Start of Collected data
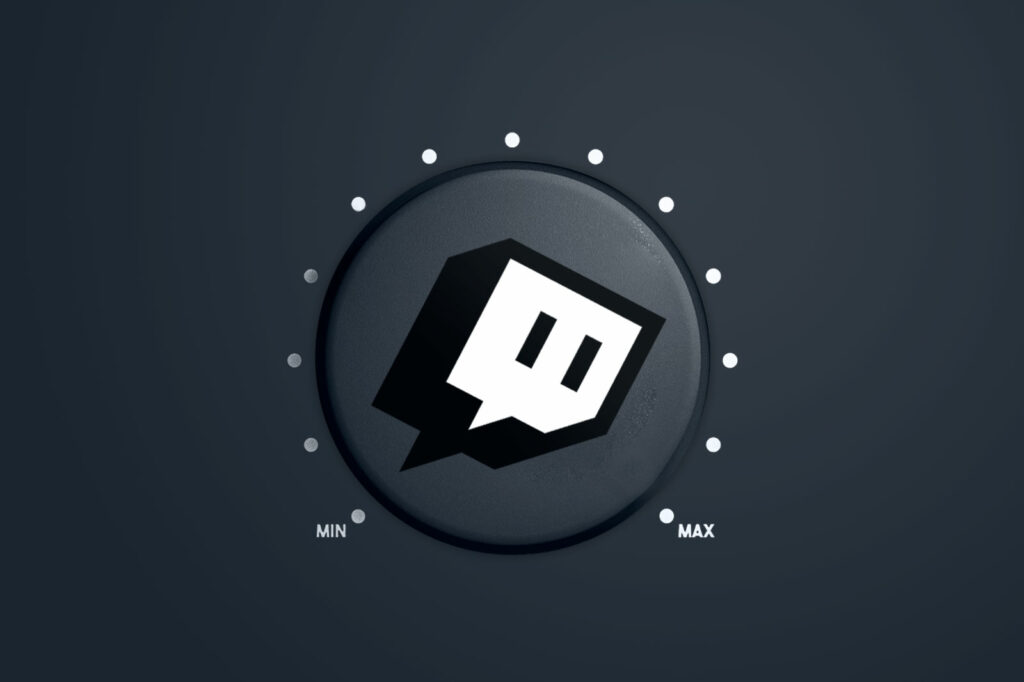Twitch volume logo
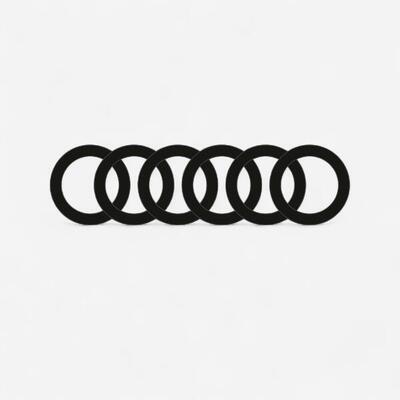 Haargummis 6 Stück - schwarz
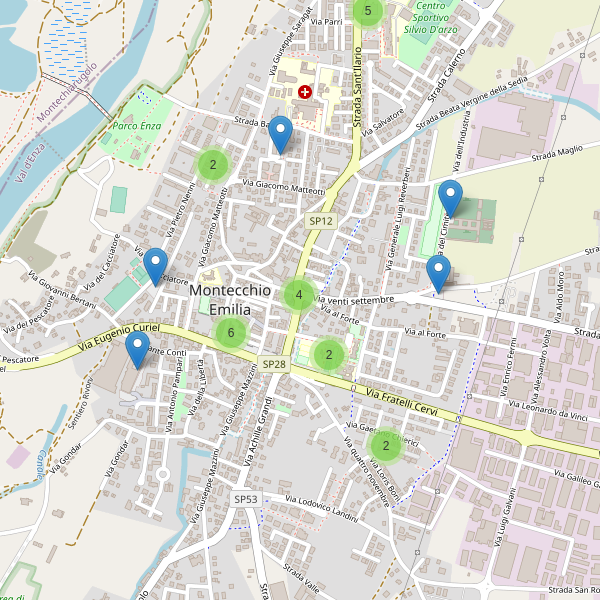 Thumbnail mappa parcheggi di Montecchio Emilia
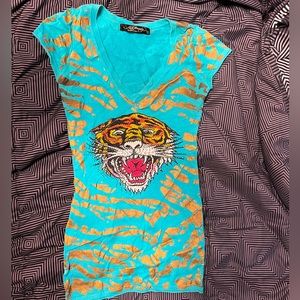 Ed Hardy Embellished Top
End of Collected data
Write out the whole listing exactly as it appears, and omit the pictures.

- [Response box]:
Twitch volume logo
 Haargummis 6 Stück - schwarz
 Thumbnail mappa parcheggi di Montecchio Emilia
 Ed Hardy Embellished Top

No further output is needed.